((
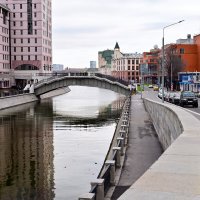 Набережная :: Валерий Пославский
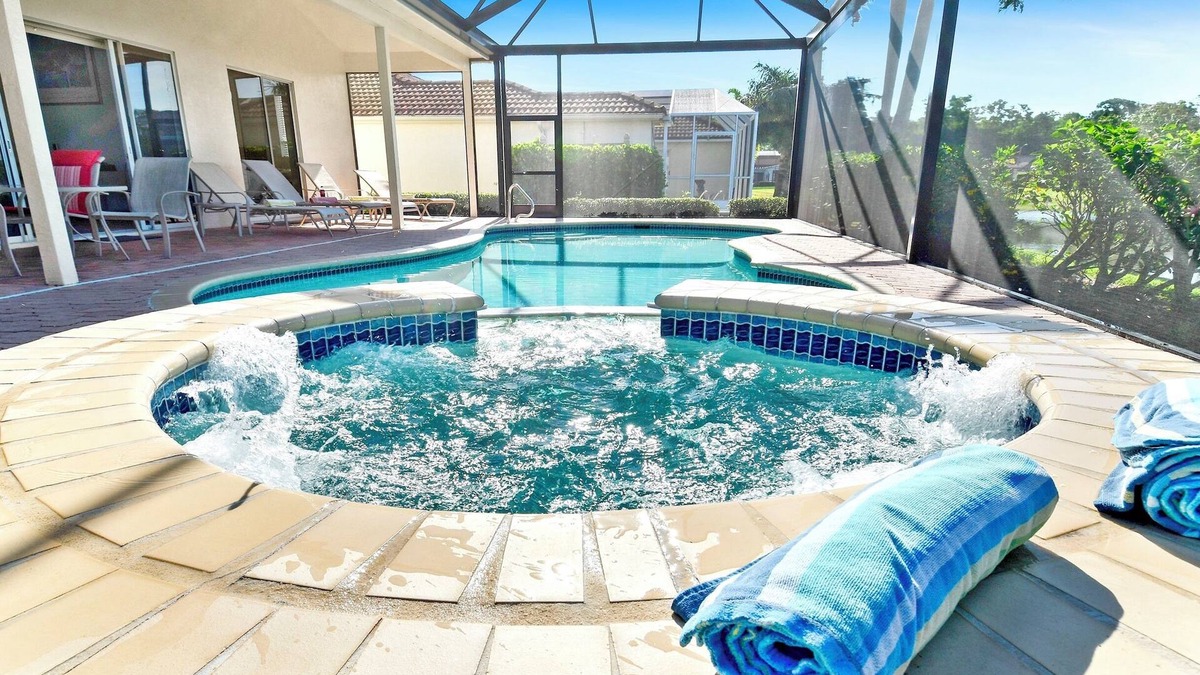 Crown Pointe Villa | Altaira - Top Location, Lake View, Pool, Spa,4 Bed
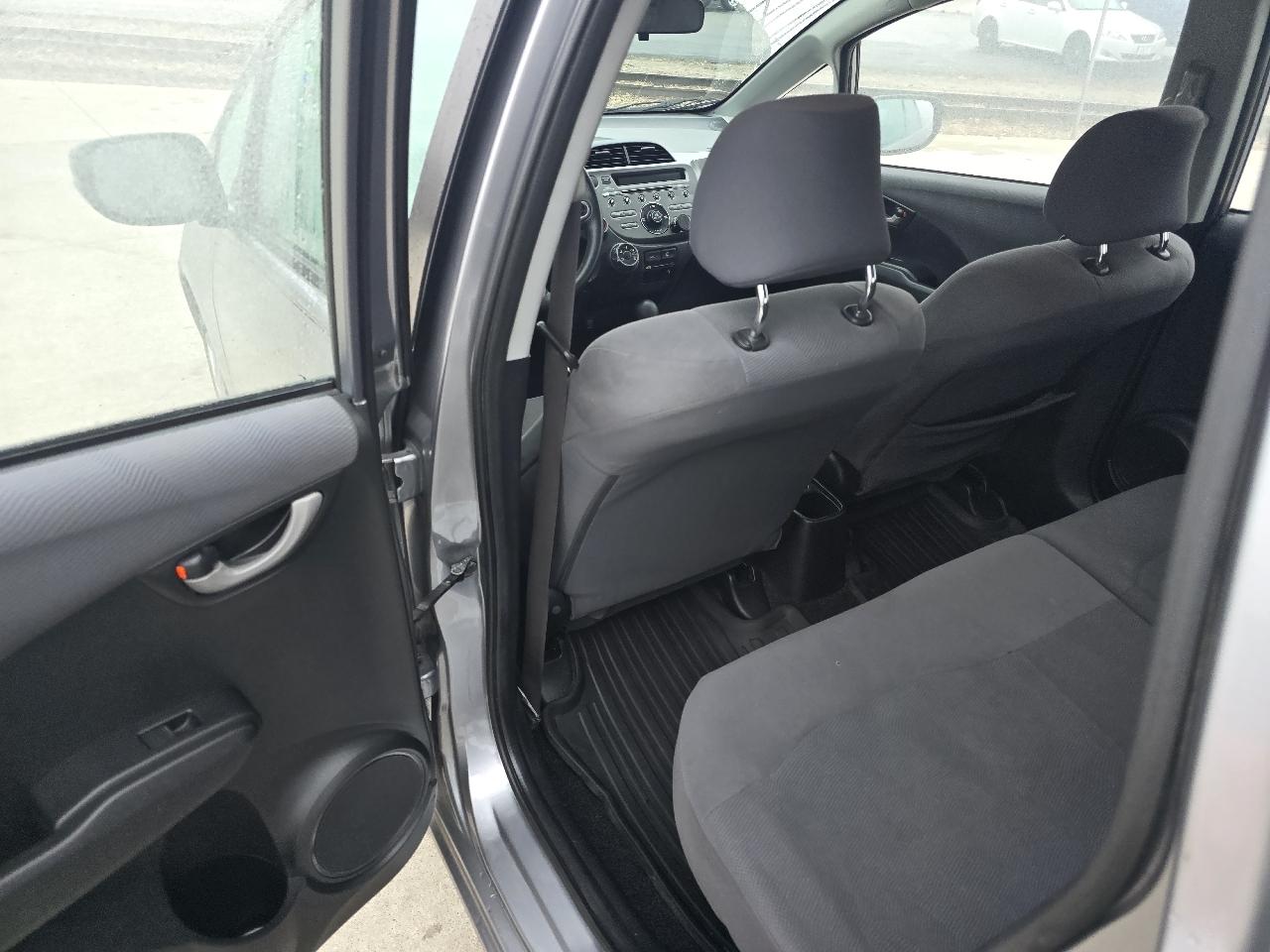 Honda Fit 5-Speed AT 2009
))
((
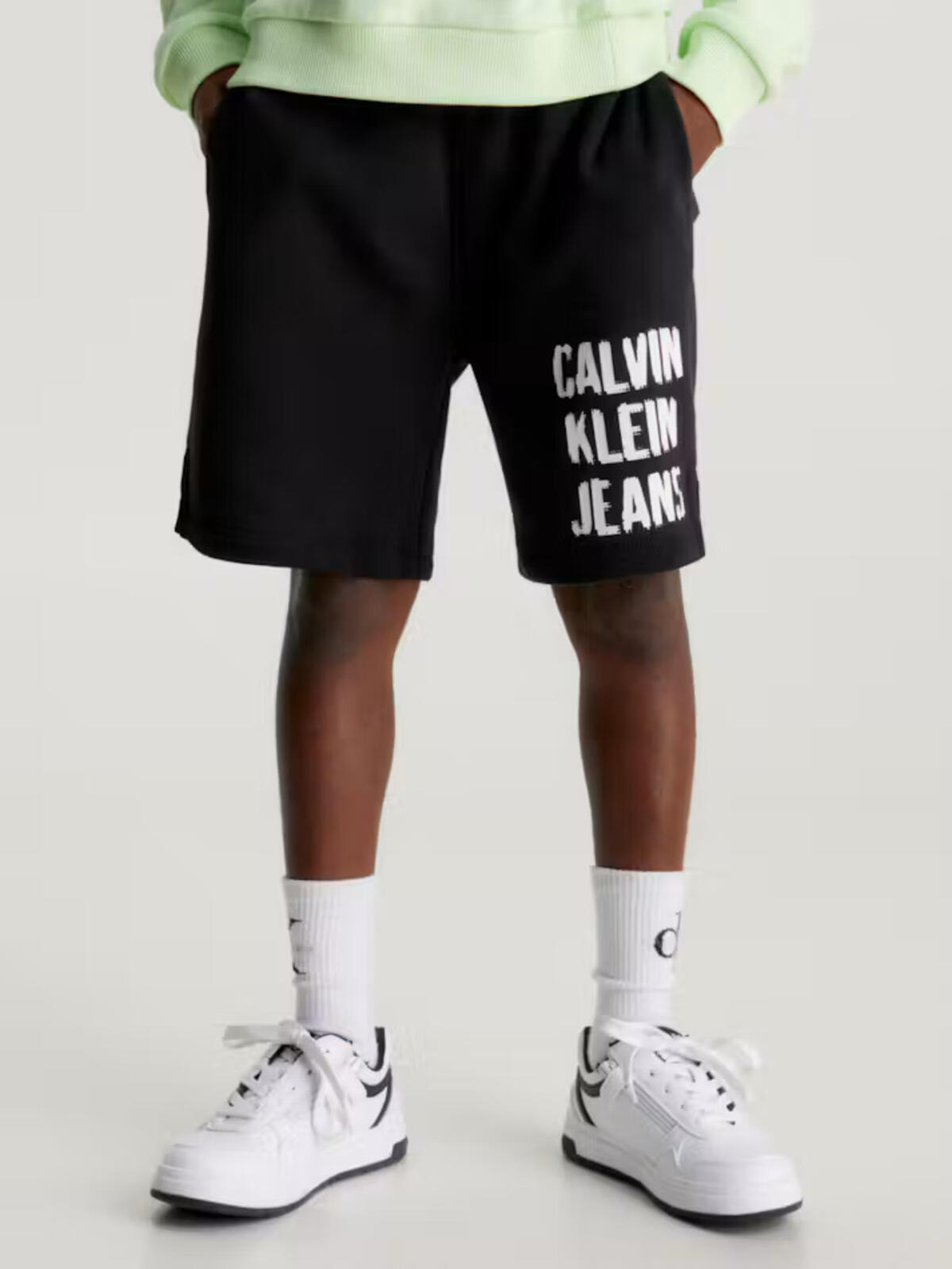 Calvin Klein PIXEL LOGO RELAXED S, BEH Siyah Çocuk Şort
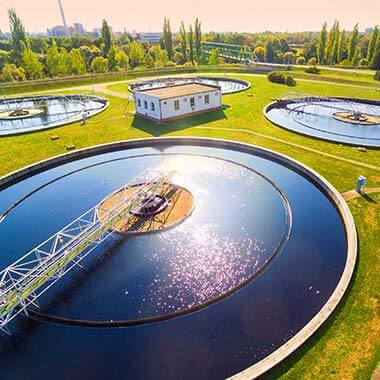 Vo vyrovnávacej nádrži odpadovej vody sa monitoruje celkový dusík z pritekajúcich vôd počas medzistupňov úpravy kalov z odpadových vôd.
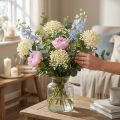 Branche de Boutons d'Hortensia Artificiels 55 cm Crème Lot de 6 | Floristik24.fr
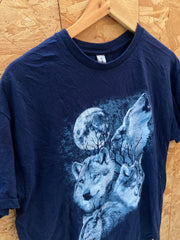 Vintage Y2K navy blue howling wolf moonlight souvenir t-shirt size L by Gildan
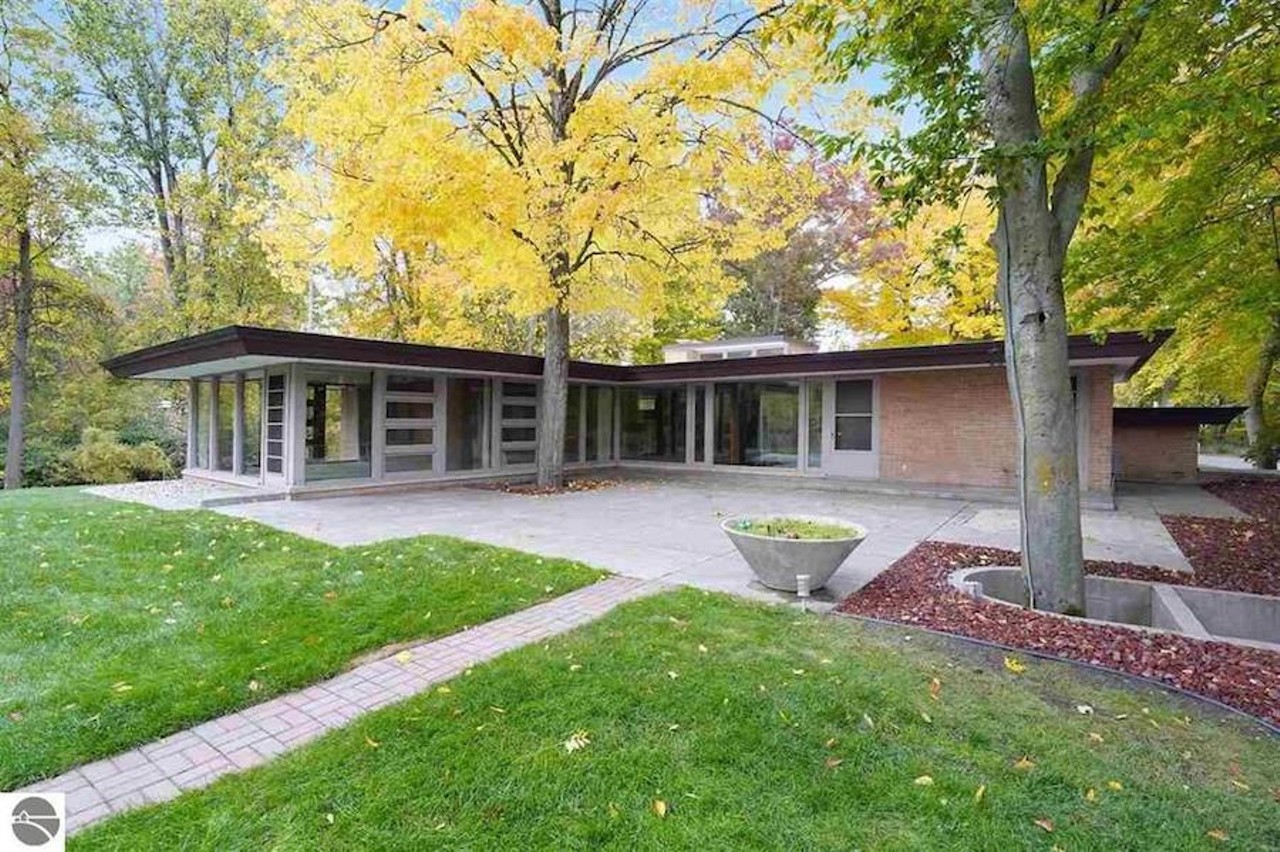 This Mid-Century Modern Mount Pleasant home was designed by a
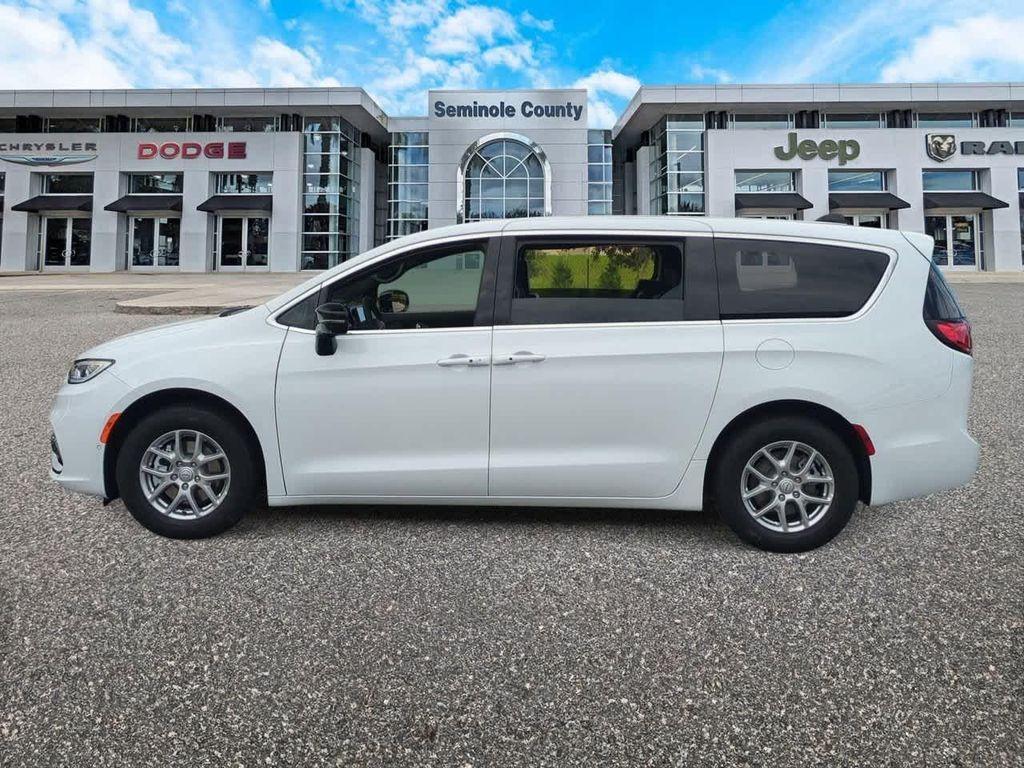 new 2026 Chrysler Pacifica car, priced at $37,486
))
((
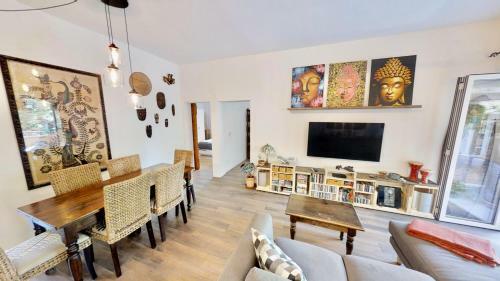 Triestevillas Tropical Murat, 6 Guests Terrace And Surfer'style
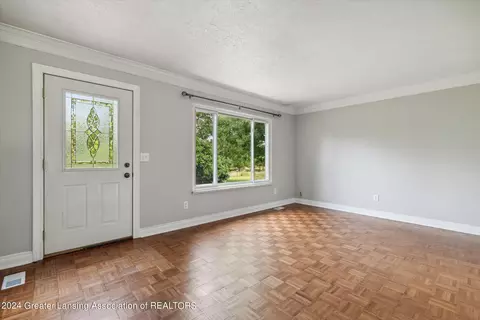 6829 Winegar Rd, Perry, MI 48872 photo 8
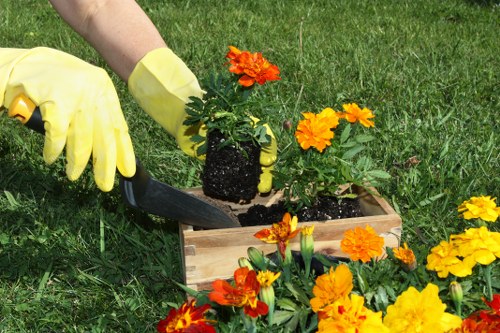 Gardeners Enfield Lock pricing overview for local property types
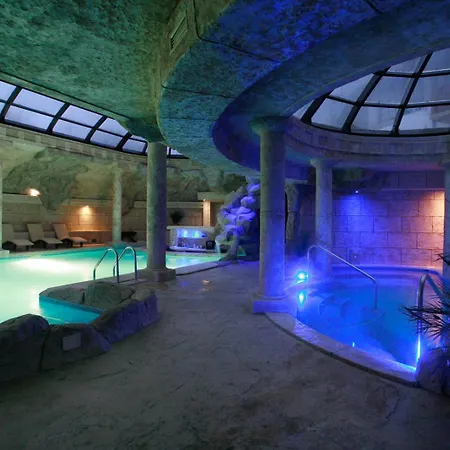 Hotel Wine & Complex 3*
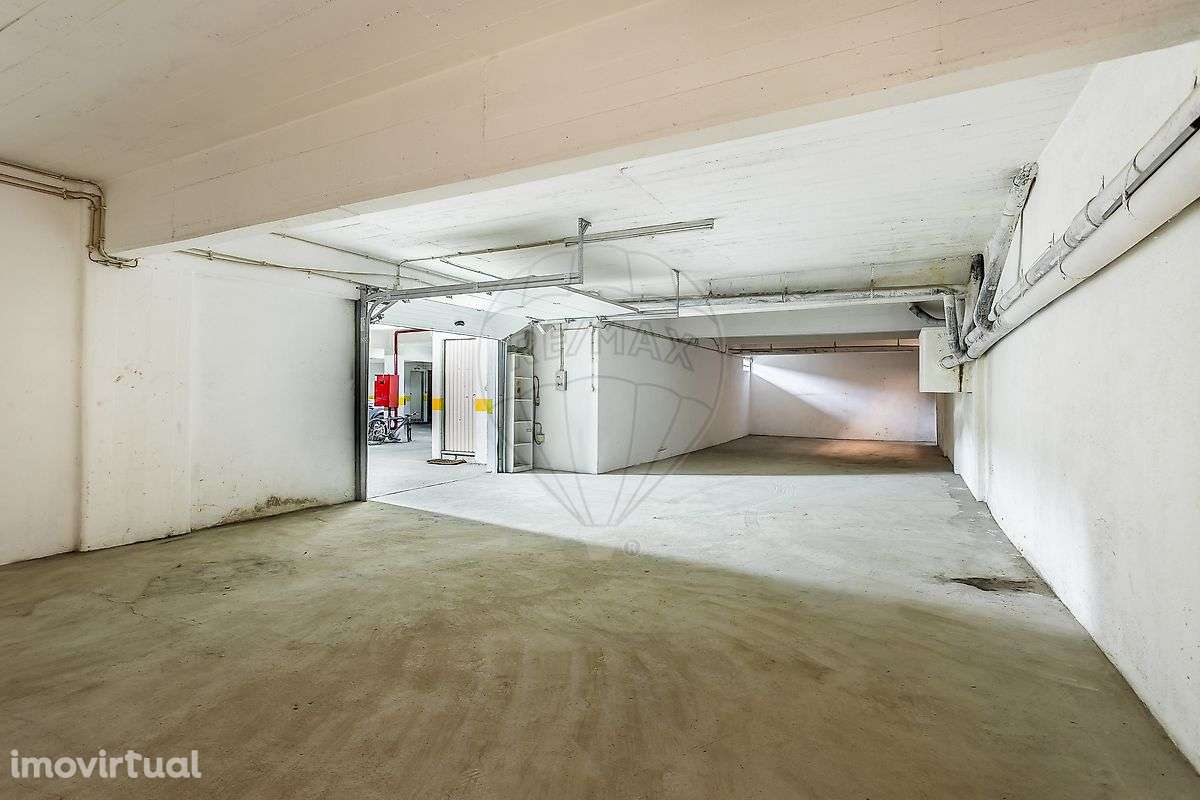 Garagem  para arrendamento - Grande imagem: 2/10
))
### Exercise brief
Look above for the line with "Hotel Wine & Complex 3*", then give again exactly every line from there through the line with "Grande imagem: 2/10", skipping the pictures.

### Solution below
 Hotel Wine & Complex 3*
 Garagem  para arrendamento - Grande imagem: 2/10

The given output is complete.